How do I add prompt injection defense to an MCP server?

Question

Accepted Answer

Two install paths depending on architecture. **Path A — MCP-native (recommended for Claude + MCP agents):** Install `@injectshield/mcp` and add it to your MCP host config (Claude Desktop, Cursor, Cline, or any MCP-compatible client).
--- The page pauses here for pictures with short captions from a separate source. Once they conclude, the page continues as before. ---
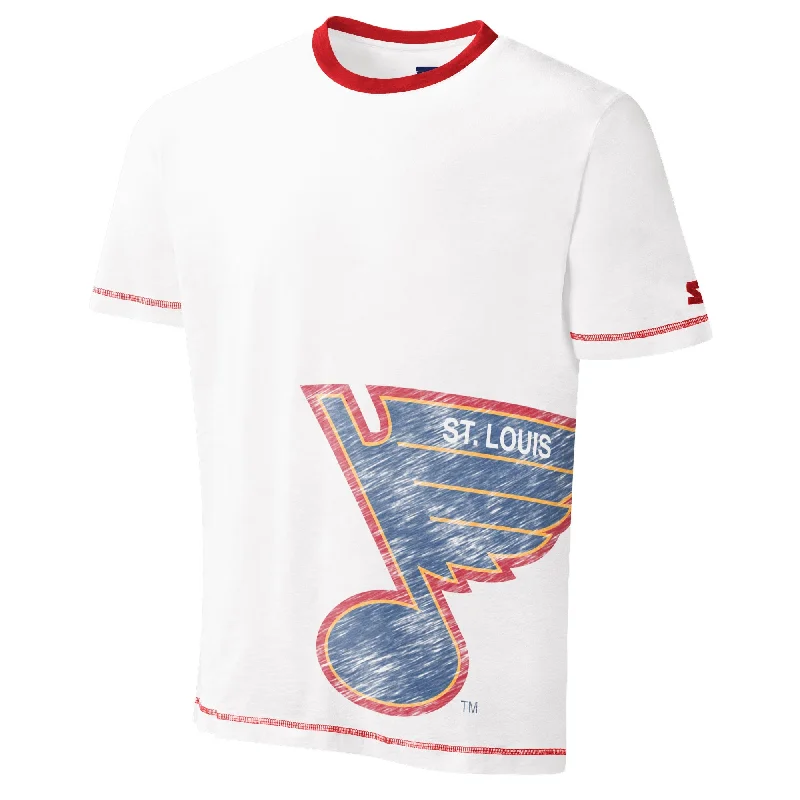 ST. LOUIS BLUES STARTER MENS POINTS RETRO RINGER TEE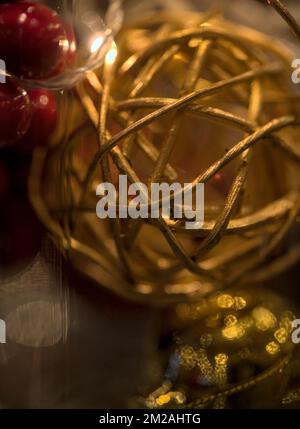 Jar with fairy lights and Christmas decorations Stock Photo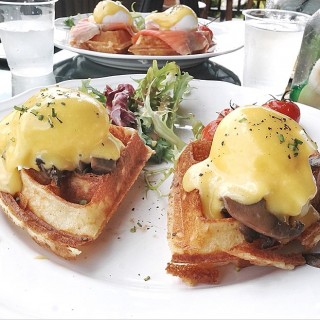 Eggs Benedict with sexy hollandaise and mushrooms on waffles - Punggol's Whisk & Paddle (Punggol)|Singapore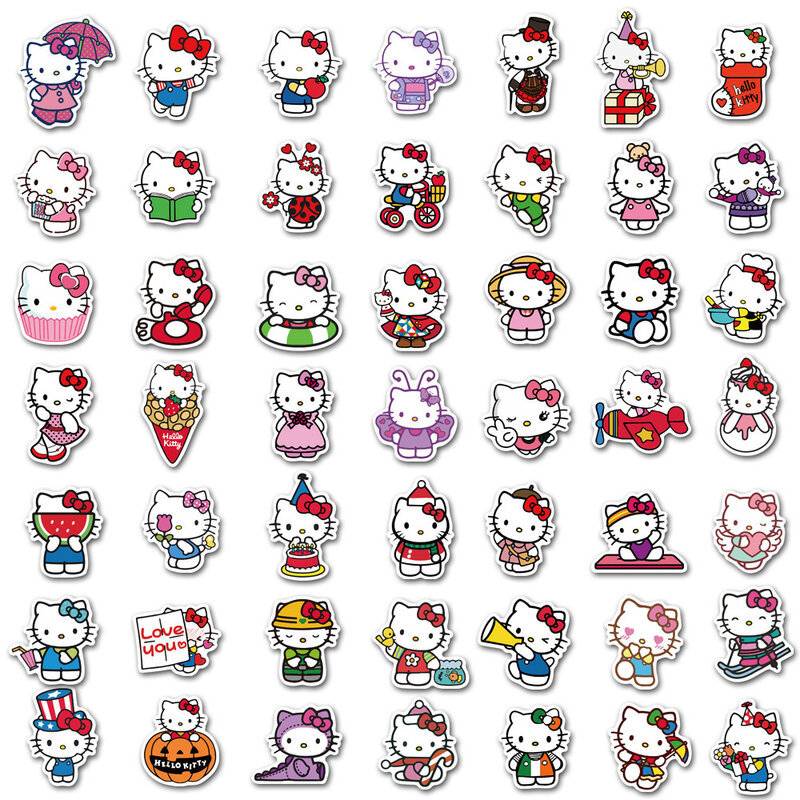 10/30/50/100pcs Cute Hello Kitty Cartoon Stickers Graffiti PVC fai da te chitarra Laptop Phone adesivo decalcomania impermeabile giocattolo classico per bambini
The InjectShield MCP server exposes `classify_input`, `classify_output`, and `classify_document` tools. Have your agent's system prompt require an `injectshield.classify_input` call before processing any user message or tool output; block on positive verdicts. This wires defense into the agent loop without modifying the host application. **Path B — REST API (for non-MCP frameworks):** Call `POST https://injectshield.dev/v1/classify` with `{ "input": "<text>", "context": "user|document|tool_output|memory", "mode": "fast|hybrid|semantic" }`. Returns `{ "verdict": "benign|suspicious|injection", "categories": [...], "confidence": 0-1 }`. Drop in front of any LLM call from LangChain, LlamaIndex, the OpenAI SDK, the Anthropic SDK, or custom Python/Node services. For both paths, also: scan retrieved RAG chunks (`context: "document"`), scan tool results before returning them to the model (`context: "tool_output"`), and apply tool-call allowlists at the orchestrator layer. The InjectShield dashboard at injectshield.dev/dashboard surfaces per-category verdict trends and alerts on injection-rate spikes.